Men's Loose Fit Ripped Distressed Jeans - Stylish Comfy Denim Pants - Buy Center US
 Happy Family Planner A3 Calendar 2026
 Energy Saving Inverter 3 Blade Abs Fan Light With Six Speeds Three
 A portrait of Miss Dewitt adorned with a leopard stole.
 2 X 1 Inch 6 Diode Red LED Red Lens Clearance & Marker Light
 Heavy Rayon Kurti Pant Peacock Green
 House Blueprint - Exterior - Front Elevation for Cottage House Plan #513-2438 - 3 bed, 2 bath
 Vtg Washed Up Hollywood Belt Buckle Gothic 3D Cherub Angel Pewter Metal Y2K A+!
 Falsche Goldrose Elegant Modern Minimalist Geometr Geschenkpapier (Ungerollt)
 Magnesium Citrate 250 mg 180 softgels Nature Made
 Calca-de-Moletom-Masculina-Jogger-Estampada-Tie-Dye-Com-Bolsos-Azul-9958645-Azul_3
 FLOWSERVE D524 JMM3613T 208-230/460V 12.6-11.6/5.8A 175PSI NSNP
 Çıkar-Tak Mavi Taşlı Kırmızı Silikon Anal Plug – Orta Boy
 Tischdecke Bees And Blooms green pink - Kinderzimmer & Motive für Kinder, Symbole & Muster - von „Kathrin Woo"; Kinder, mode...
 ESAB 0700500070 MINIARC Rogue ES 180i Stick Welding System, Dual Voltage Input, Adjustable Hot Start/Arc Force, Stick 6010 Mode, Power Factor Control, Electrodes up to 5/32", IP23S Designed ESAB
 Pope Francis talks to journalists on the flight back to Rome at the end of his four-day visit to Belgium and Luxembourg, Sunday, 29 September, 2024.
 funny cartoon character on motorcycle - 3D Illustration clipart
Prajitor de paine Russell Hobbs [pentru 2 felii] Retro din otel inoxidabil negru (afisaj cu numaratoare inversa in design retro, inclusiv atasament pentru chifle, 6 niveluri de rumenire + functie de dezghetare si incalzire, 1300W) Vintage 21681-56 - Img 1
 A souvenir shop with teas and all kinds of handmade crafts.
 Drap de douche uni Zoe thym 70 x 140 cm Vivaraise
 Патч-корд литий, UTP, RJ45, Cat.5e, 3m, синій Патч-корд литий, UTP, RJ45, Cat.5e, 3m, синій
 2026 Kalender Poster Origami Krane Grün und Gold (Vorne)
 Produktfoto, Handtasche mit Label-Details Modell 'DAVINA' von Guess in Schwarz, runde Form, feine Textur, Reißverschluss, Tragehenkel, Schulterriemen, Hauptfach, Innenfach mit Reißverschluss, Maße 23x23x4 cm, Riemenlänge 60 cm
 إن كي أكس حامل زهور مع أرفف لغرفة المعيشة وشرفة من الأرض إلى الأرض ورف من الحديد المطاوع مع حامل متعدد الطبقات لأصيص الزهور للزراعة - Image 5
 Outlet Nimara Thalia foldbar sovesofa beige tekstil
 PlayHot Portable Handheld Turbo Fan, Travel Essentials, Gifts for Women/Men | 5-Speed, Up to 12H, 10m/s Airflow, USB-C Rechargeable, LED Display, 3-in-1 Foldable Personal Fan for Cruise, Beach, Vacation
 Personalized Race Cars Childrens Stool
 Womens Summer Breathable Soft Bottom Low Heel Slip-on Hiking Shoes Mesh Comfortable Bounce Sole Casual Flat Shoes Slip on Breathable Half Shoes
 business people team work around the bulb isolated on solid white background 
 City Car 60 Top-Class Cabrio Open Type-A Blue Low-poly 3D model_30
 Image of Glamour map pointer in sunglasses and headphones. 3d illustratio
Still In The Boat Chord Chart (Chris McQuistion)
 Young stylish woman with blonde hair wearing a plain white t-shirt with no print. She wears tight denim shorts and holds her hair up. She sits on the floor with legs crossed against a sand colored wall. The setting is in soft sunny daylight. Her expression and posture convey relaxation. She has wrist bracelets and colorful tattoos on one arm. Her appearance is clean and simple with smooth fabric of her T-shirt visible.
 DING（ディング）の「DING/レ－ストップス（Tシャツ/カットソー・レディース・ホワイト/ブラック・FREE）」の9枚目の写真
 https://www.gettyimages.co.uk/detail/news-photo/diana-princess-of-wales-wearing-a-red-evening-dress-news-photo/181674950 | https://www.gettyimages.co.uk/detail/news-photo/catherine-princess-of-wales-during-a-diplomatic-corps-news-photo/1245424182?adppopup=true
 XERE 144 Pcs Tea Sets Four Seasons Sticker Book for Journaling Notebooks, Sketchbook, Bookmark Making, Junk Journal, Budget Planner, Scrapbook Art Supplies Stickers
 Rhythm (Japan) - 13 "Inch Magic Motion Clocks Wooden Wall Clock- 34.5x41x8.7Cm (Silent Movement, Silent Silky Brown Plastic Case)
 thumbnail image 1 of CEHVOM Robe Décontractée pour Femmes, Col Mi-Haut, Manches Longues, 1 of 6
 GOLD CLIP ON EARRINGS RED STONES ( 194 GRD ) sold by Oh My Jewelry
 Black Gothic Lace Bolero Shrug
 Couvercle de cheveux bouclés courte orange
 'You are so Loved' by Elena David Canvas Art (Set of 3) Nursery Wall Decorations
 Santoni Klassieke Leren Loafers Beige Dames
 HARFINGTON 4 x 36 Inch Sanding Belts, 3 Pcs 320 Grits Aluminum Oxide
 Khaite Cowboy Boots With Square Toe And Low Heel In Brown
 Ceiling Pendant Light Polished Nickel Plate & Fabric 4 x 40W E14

==*==

YOUR ASSIGNMENT —
Filter the entries down to the lines that include the string "white".

WRITTEN ANSWER —
 business people team work around the bulb isolated on solid white background 
 Young stylish woman with blonde hair wearing a plain white t-shirt with no print. She wears tight denim shorts and holds her hair up. She sits on the floor with legs crossed against a sand colored wall. The setting is in soft sunny daylight. Her expression and posture convey relaxation. She has wrist bracelets and colorful tattoos on one arm. Her appearance is clean and simple with smooth fabric of her T-shirt visible.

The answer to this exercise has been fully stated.